The latest findings by a raft of researchers explore the ancient human connections.

Historical botanical studies have also served to recast the debate. Denevan’s magisterial efforts on ridged field agriculture throughout Latin America provided the intellectual and philosophical guidance for deeply recasting the debates on population through the optic of production, and bringing into to resolute focus human impacts on tropical landscapes. These helped stimulate general analyses of regional vegetation patterns such as those of Balee, who deemed the region to be characterized by “cultural forests” and posits that roughly 12% of Amazonian forests are decidedly anthropogenic.

Thus large scale regional forest patterning reflects human intervention.
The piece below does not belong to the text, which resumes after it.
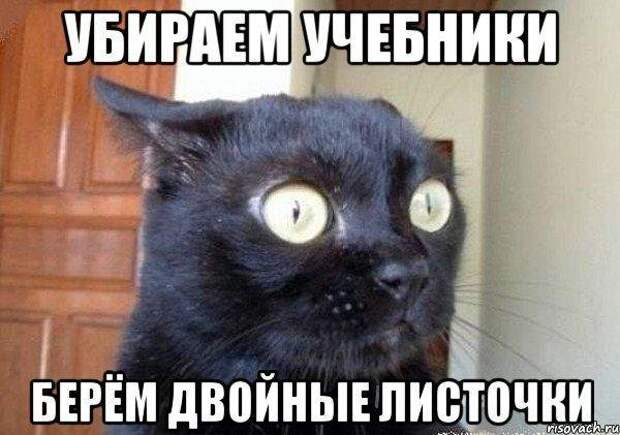Смешные фото котов с надписями
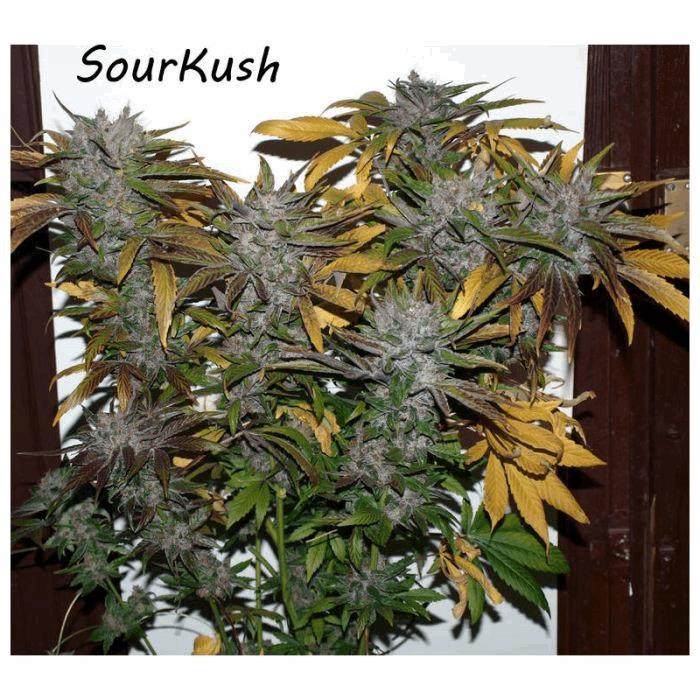 Sour' Kush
Other studies have reviewed human impacts on succession in tropical zones, arguing that diversity patterns can in fact be enhanced by human modification. … Posey (1989, and others) have reported that the Kayapo regularly move plants from one watershed to another and plant along forest trails thus affecting the broader regional distribution of species and subspecies.

The rediscovery ancient human connections should color modern land use approaches, argues Hecht. Modern political ecology must take into account traditional human influences and learn from untold centuries of experience, not only regarding natural systems but with respect to and for socio-economic systems as well.

Human intervention has not always been “bad”, although modern interventions, such as massive deforestation and conversion to absentee-owned cattle ranches and/or set asides for dehumanized “wilderness” are not viable solution sets to either social or environmental problems.

Hecht offers few solutions. Her analysis is historically perceptive but not future advisory. She does wish for a political ecology that takes history into account. Beyond that the modern problems seem largely intractable. And indeed over the last fifteen years little of visionary consequence has occurred.

Her analysis is worthwhile nonetheless, and an enjoyable read if you like large vocabularies and even larger thinking. Susanna Hecht is one of our leading philosophers regarding land use and the human-nature connection. Her synthesis of anthropology, ecology, and social science is a model for cutting-edge approaches to contemporary environmental stewardship.